In 2017, NI undertook a major effort to revamp its ELP, with the new version scheduled to launch in 2019.
“As we were working on revamping that strategy, we realized that we shouldn’t just be working on the ELP, but we should be taking a more holistic look at all of our new graduate, internship, and student programs,” Heller notes.
“In 2019, we decided to end the ELP and began building a new enterprise-wide solution. We knew that we needed to change, but the question became how we can revamp our strategy without losing what made us who we are.”
Heller says NI’s approach to answering this question was rooted in:
- Distilling out the key elements of its legacy strategies to the outcomes they served in order to preserve them for the future;
- Identifying the practical and emotional needs of the early talent strategy customers (both business leaders and new graduates) to root the strategy in; and
- Aligning the revamped strategy with larger company objectives to magnify impact and adoption.
“In our journey to revamping the strategy, we used the first two steps in tandem to separate the past activities and mechanisms from the outcomes business leaders and new graduates valued from them,” he says.
“This allowed us to accomplish the valued outcome through a new mechanism, while maintaining the elements of our program that made us unique.”
Heller and his team spoke with nearly 100 managers, business leaders, new graduate hires, and external industry professionals to understand and consolidate the outcomes. The highest-level outcome for both students and business leaders was that NI’s new strategy should accelerate the time is takes students to make a positive impact on the organization.
“We needed to do this while being true to our people-first values of being bold, kind, and connectors,” he explains.
“From this flowed three common needs that the strategy could address through a new program: targeted skill sets for roles, enterprise-wide knowledge, and streamlined role-based development.”
The Generation NI program launched earlier this year. It is a holistic, enterprise-wide strategy through which NI efficiently addresses talent and other challenges, and that encompasses the recruitment, onboarding, and development experience for students that includes:
- Consulting with functions for future talent needs and recruiting that talent;
- A consistent shared experience for all students; and
- Data-driven, modular, flexible development programs.
“In order to bring this strategy to life,” Heller explains, “we used a customer-centric approach to get buy-in from business leaders and prospective candidates. We shared the vision for the new strategy and worked with them to understand how the program could add value to them.”
This, he points out, was particularly important in balancing the perspective of the business, while creating a meaningful experience for the new graduates and interns.
“A key step in working through the change management from the long-held legacy strategies to an aligned new strategy was truly understanding the needs of the customers and then following up on how those needs were being met,” Heller says.

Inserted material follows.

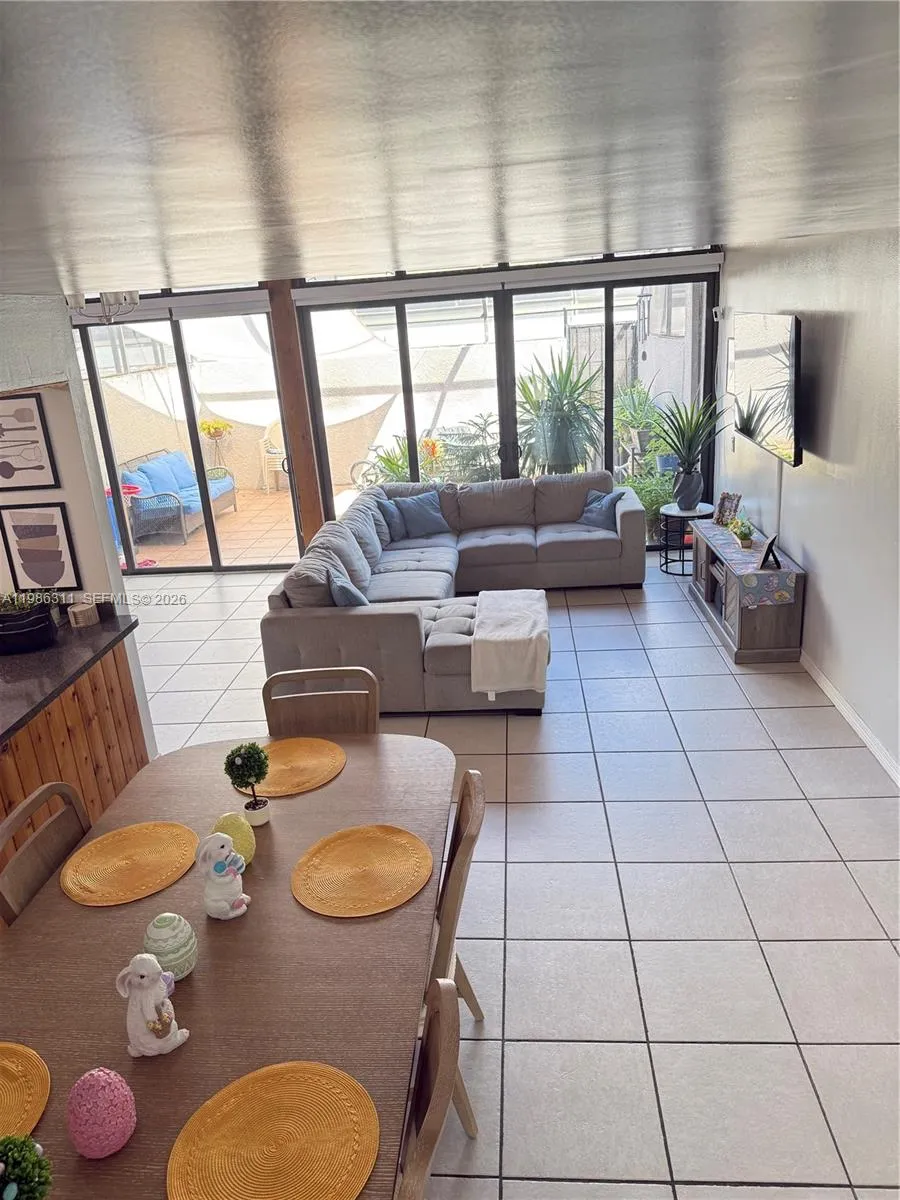 1461 Nw 113th Ave, Pembroke Pines, Florida 33026, Pembroke Pines, Florida 33026, 3 Bedrooms Bedrooms, ,3 BathroomsBathrooms,Residential,For Sale,1461 Nw 113th Ave, Pembroke Pines, Florida 33026,A11986311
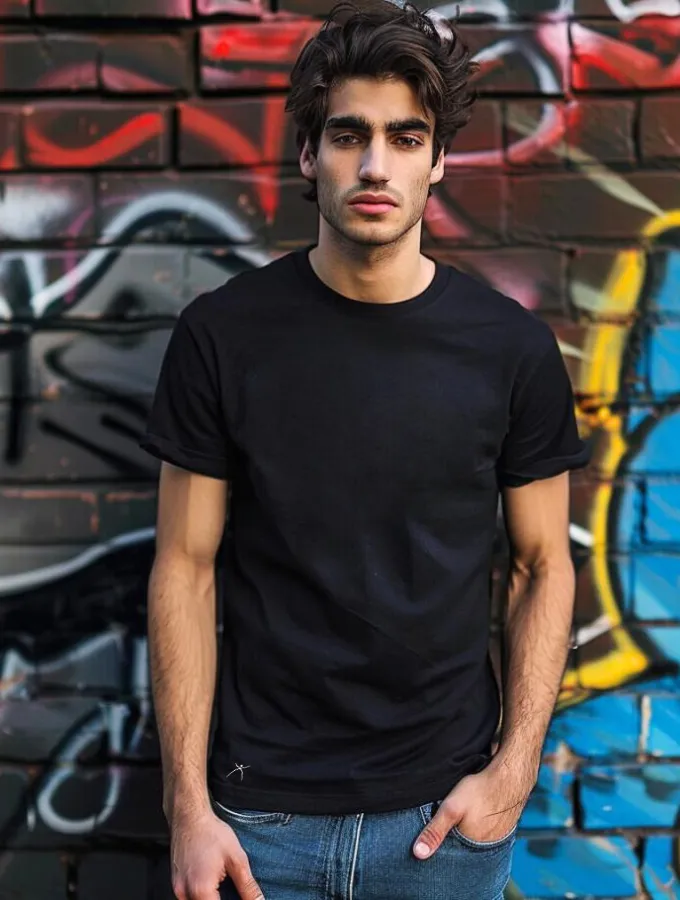 BASIC ROUNDNECK TEE - BLACK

“Furthermore, we realized that the impact of the program could be magnified and better institutionalized by connecting it with larger company initiatives. We recognized the significant opportunity that an improved new graduate and intern strategy could have toward helping NI accomplish our ambitious DEI goals due to the design of the program to bring in diverse new graduates and provide the needed development and support to drive inclusion.”
Connecting the new graduate strategy with larger company initiatives elevated the visibility of the program across the company and helped to broaden the impact the program can make.
“While we are still collecting data on the recently launched Generation NI program, we are seeing some promising initial results from our cohort of new graduates,” Heller notes.
“As a part of the Generation NI program, a small, selective cross-functional rotation path was created. From this cohort, we have seen that they have been able to significantly impact their organizations on average four weeks after starting with a new team.”
He recommends that organizations undergoing or considering a similar shift do so in tight alignment with the organization’s business groups and also identify, retain, and grow what makes the organization unique.
“Take time to understand what the organization’s legacy is,” Heller says.
“What are the things people said they really liked about your program? Those are the things you don’t want to lose. Focus on the outcomes of those legacies, which will allow you to separate the activity that was used to achieve that legacy and find new methods to continue to achieve it. For example, what ways can we use new technology to build the communities our candidates have always valued? It’s about focusing on what people care about, but allowing the mechanisms to change over time.”